We were incredibly hopeful when the IRC Democrats and Republicans proposed plans unanimously united Richmond Hill. Even after the New York Senate and Assembly rejected the IRC plans, we were still optimistic that the NYS Legislative Task Force (LATFOR) would listen to our marginalized voices. We continued our year-long advocacy to unite South Queens by writing letters and calling the offices of our local Assemblymembers to reaffirm our ask. The APA Voice Redistricting Task Force also organized an emergency rally in front of the NYS Legislature office at 250 Broadway in Manhattan for an opportunity to be heard publicly before the Legislature voted on the new maps and Governor Kathy Hochul signed into law. But, we were silenced. LATFOR failed to unite our communities. Our Assemblymembers neglected our voices to protect incumbency and their political careers.
Instead, our community is still divided. Our Assemblymembers merely paid us lip service without regard for consequences, accountability, and public transparency. LATFOR gave us three unjustifiable districts, which will impact us for the next 10 years. The message is clear: they have no will to properly represent our communities, and they do not care about what we have collectively built.
The partisan gerrymandering is clear across Queens. The continued splitting of the Hillside Bangladeshi corridor, the cleaving of the Indian community of Glen Oaks in half, the separation of City Line from Ozone Park—the list goes on and on. We went from most of our community represented by 1 Senator to 3. There is no way to step back, look at our communities, and not see this as a deliberate attempt to keep us unrepresented and powerless.
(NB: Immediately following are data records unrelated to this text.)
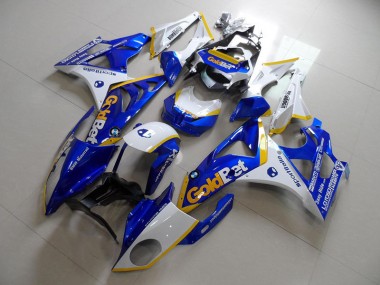 Blau weiße GoldBet 09-14 BMW S1000RR Motorrad Vollverkleidung
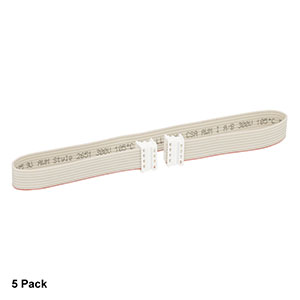 ELLC3 - Ribbon Cable, 250 mm (9.8in) Long, 5 Pack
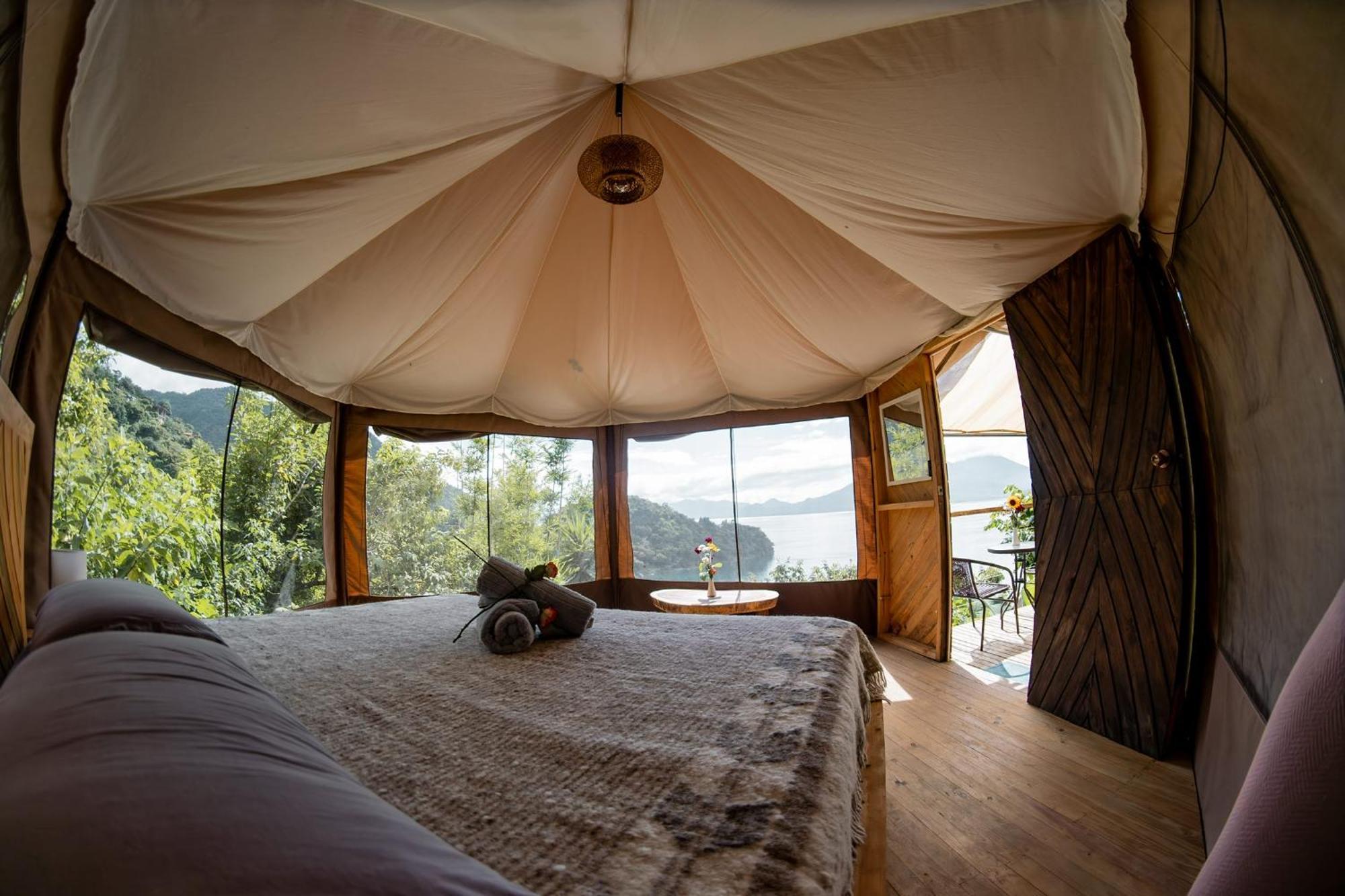 Fuego Atitlan Eco-Hotel San Marcos La Laguna Ngoại thất bức ảnh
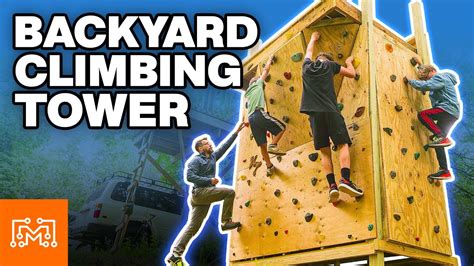 Making a Backyard Climbing Wall | DIY Outdoors - YouTube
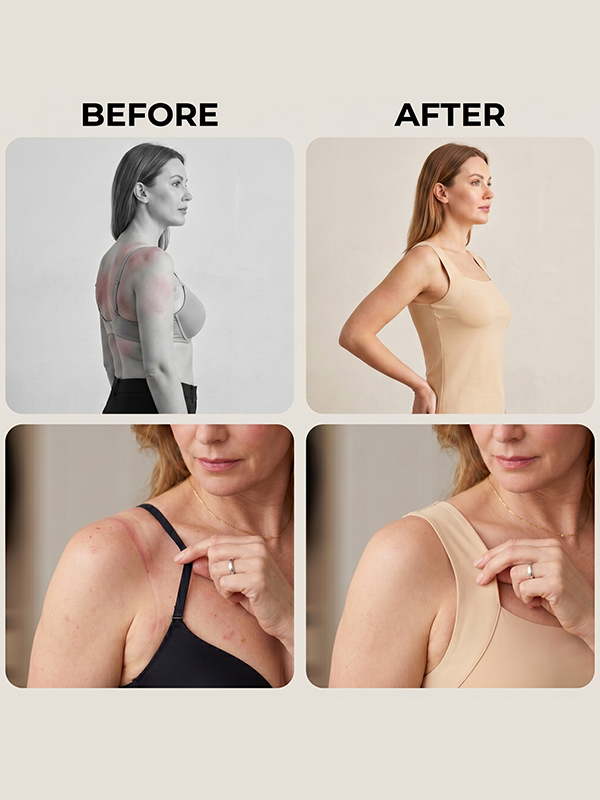 The Freedom Tank Top (Built-in Padding, No Bra Needed)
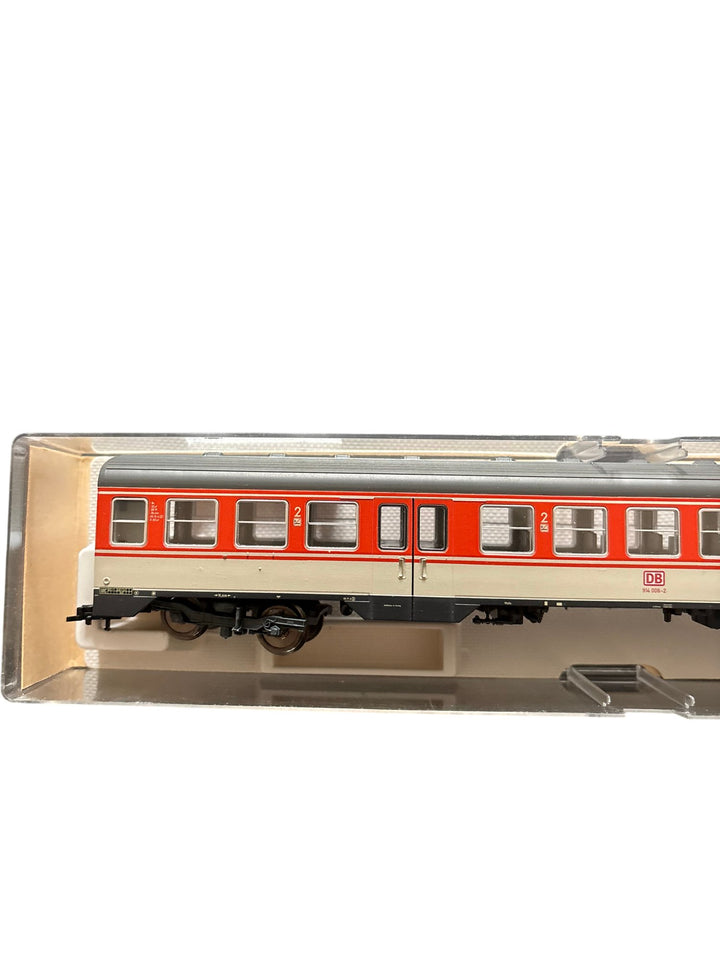 Fleischmann Model Train Carriage 4433 Red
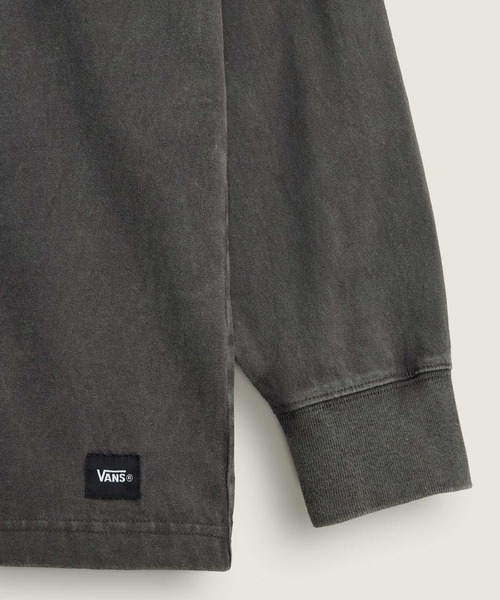 VANS（バンズ）の「VANS PREMIUMクラシック ロングスリーブ Tシャツ / LX LS Faded Black / VN000PFKEMV1（Tシャツ/カットソー・メンズ・スミクロ・LARGE/MEDIUM/SMALL/X-LARGE/XX-LARGE）」の5枚目の写真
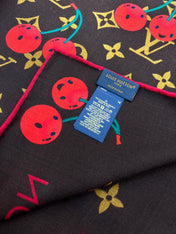 LV SCARF 135 CM IN WOOL MIX SILK 735873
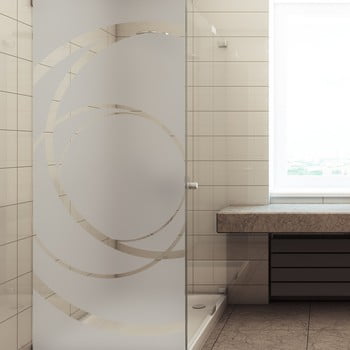 Autocolant rezistent la apă, pentru cabina de duș, ambiance giant frosted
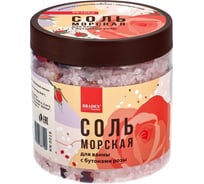 Соль морская для ванны с бутонами розы BRADEX KN 0018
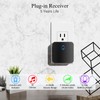 Wireless Doorbells for Home with 2 Plug-In Receivers, Waterproof Door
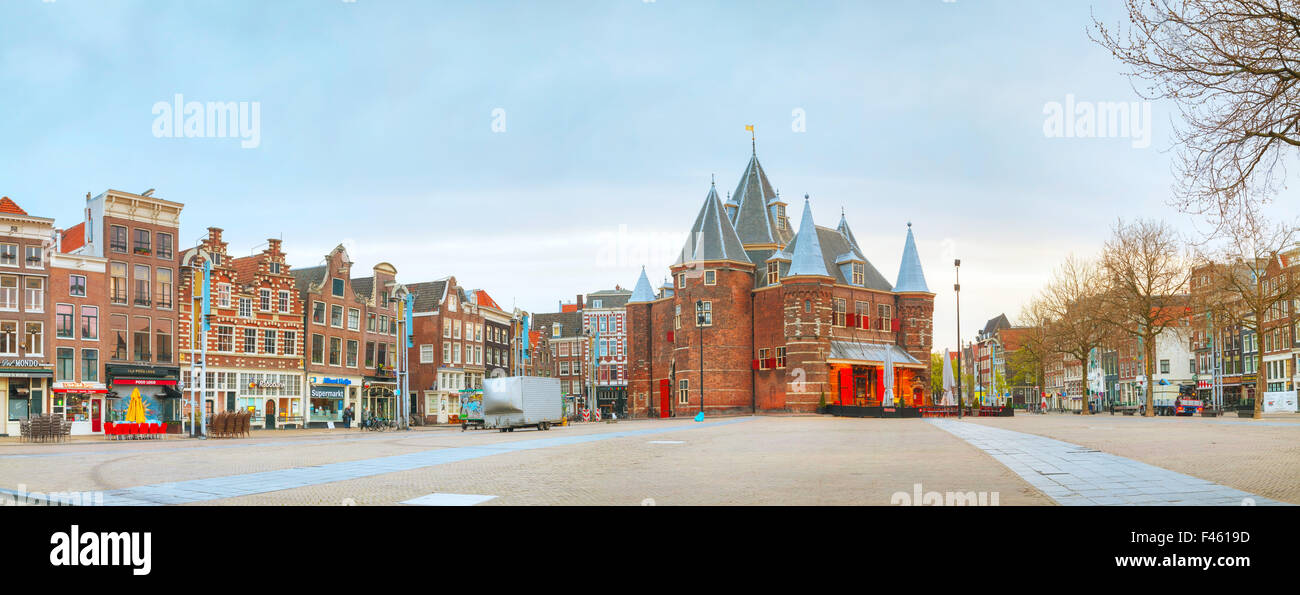 The Waag (Weigh house) in Amsterdam Stock Photo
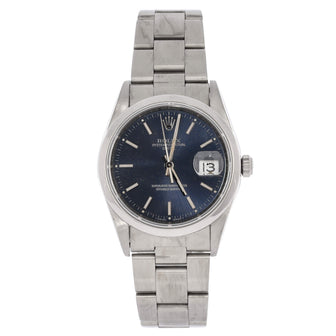 Rolex Oyster Perpetual Date Automatic Watch Stainless Steel 34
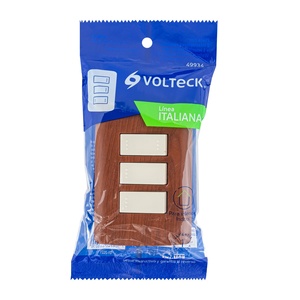 Volteck PA-APTR-EIM linea italiana pannello 2 Single Pole vetro luce interruttori 1 scala in legno per uso domestico-EU UK US compatibile WiFi - Product Image 1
The silences of our Assemblymembers, and at worst affirmations, of this new plan speak volumes. Our community not only needs to remember this act of political violence, but this needs to be the catalyst for action. We have settled for and received the bare minimum from local elected officials for too long.
As a community, we have let any elected official, regardless of their record, votes, and advocacy, come into our most hallowed institutions, into our homes, into our community spaces, and have given them everything. They are at our parades and festivals as VIPs, they come in front of our congregations to make long speeches, and they will always be in the community every election year to ask for votes and campaign contributions. Yet, whenever we need them to pass legislation or advocate for us, they are often nowhere to be seen.
There is an imbalance of power in our relationships as a community with our elected officials. It’s time we take a stand and begin to question, push back, agitate and organize. If not, the tokenization will continue and we will be right back in this situation 10 years from now, wondering why we didn’t get the districts we rightfully deserve.
The views expressed in this article are those of the writer and do not necessarily represent the position or policy of the THE WEST INDIAN.